Comment 5th July 2010

Reform of the unfair savings rules for Pension Credit and Council Tax Benefit claims is seriously overdue.

The Tax Credits system is based on actual income from savings. However, Pension Credit and Council Tax Benefit have different rules for the treatment of capital, so that the measure of income from capital is notional rather than real. These rules are based on social security law and are not made by local authorities.

Most capital is counted, even that held in tax-free accounts, and the rule can put those who have saved in cash, rather than through a pension fund, at a distinct disadvantage in their pension credit claim.
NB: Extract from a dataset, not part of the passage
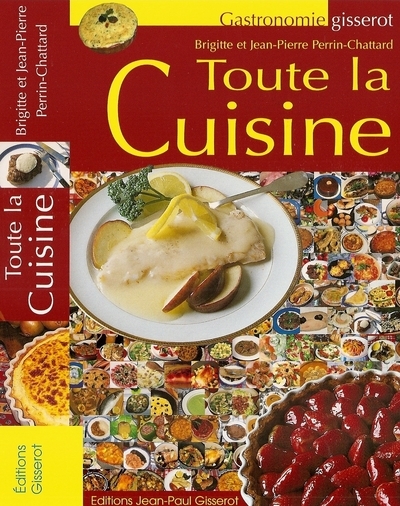 TOUTE LA CUISINE (9782755802207-front-cover)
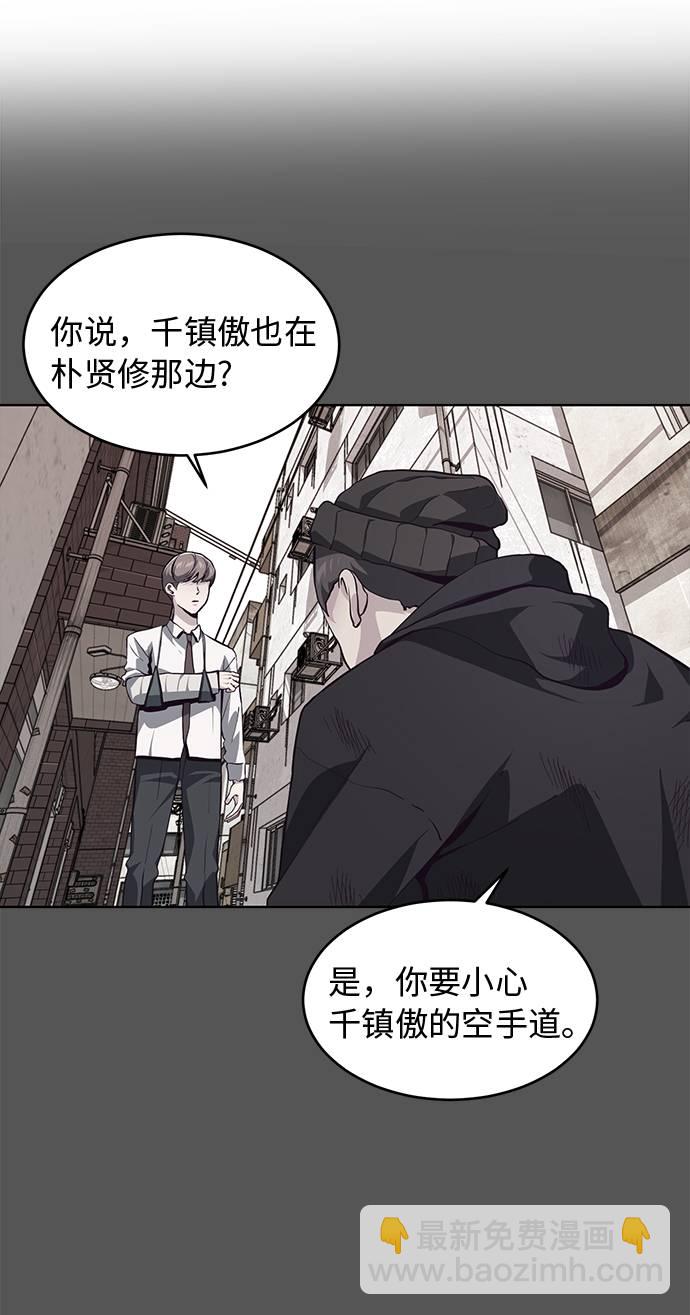 [第45话] 克服30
Although there is a £10,000 capital disregard, income from remaining capital is deemed to be at £1 per week for every £500 of capital, (referred to as ‘assumed income’), and this applies regardless of whether you are single or in a couple (that is, the capital disregard for a couple is £10,000 not £20,000).

This notional interest rate of over 10% on savings gives pensioners an assumed income figure which is very much higher than their real income from the cash deposits, whether-tax free or not, especially during the current period of very low interest rates.

Legislation is badly needed to abolish the "assumed income" rules and align Pension Credit and Council Tax Benefit savings rules with the fairer "actual income" rules used by the Tax Credits system.


Why does this matter?

Pensioners should be as fairly treated as anyone else in the benefits system.

The Pension Credit and Council Tax Benefit systems are operating unjustly against pensioners with savings as long as these "assumed income" rules remain in force; neither are these systems fulfilling the purpose for which they were set up, namely relieving pensioner poverty.